TASK DESCRIPTION -
Would you please retype, exactly, the lines of the listing below between the line with "Partywear trending ear" and the line with "Retro Black Lace", inclusive?

RECORDS SHOWN -

....................

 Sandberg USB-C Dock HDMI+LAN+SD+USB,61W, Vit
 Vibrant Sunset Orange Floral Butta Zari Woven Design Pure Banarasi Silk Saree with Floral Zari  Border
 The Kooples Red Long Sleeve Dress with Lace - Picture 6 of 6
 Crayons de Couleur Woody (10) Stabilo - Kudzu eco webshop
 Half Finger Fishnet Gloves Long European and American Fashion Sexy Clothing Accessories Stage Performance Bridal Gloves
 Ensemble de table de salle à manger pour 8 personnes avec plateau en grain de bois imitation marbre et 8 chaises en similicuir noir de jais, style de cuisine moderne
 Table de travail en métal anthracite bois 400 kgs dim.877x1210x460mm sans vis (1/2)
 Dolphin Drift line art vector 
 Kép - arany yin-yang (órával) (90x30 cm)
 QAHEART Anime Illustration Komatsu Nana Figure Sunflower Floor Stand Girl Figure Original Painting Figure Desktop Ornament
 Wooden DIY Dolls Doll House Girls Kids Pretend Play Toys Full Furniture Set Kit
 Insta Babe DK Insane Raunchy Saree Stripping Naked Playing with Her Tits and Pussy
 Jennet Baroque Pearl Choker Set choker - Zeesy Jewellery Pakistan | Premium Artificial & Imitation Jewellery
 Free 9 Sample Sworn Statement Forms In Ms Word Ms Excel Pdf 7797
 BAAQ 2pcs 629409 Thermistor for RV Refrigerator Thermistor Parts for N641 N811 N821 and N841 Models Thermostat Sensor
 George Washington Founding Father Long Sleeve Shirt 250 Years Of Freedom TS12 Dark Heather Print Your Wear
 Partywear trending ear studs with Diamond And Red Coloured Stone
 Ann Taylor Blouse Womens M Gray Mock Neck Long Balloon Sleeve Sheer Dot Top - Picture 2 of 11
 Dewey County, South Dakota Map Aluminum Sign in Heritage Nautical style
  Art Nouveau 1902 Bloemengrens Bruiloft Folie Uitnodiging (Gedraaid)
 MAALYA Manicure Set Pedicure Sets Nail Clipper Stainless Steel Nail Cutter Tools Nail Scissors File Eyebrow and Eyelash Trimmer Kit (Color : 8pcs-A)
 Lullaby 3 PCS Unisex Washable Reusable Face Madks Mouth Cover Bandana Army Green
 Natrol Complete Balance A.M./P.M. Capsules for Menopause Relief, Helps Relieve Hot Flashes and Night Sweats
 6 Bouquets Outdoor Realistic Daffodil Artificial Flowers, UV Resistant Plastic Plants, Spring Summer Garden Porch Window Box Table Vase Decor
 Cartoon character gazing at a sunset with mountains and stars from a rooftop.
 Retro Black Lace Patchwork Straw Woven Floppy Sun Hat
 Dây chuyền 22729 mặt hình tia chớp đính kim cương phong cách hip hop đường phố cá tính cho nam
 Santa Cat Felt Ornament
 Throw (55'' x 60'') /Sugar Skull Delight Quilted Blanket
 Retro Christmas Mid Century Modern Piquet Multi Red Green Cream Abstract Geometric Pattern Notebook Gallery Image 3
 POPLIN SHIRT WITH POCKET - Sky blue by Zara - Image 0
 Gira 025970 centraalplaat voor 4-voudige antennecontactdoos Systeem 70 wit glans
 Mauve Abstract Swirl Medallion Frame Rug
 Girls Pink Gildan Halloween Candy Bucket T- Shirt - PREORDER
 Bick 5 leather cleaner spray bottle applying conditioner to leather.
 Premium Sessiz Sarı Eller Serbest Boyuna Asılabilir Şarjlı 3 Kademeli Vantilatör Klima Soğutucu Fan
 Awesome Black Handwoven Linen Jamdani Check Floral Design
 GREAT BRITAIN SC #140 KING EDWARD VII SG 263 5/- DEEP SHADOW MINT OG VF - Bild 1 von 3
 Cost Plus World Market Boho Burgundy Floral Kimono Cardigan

....................

RESULT BELOW -
 Partywear trending ear studs with Diamond And Red Coloured Stone
 Ann Taylor Blouse Womens M Gray Mock Neck Long Balloon Sleeve Sheer Dot Top - Picture 2 of 11
 Dewey County, South Dakota Map Aluminum Sign in Heritage Nautical style
  Art Nouveau 1902 Bloemengrens Bruiloft Folie Uitnodiging (Gedraaid)
 MAALYA Manicure Set Pedicure Sets Nail Clipper Stainless Steel Nail Cutter Tools Nail Scissors File Eyebrow and Eyelash Trimmer Kit (Color : 8pcs-A)
 Lullaby 3 PCS Unisex Washable Reusable Face Madks Mouth Cover Bandana Army Green
 Natrol Complete Balance A.M./P.M. Capsules for Menopause Relief, Helps Relieve Hot Flashes and Night Sweats
 6 Bouquets Outdoor Realistic Daffodil Artificial Flowers, UV Resistant Plastic Plants, Spring Summer Garden Porch Window Box Table Vase Decor
 Cartoon character gazing at a sunset with mountains and stars from a rooftop.
 Retro Black Lace Patchwork Straw Woven Floppy Sun Hat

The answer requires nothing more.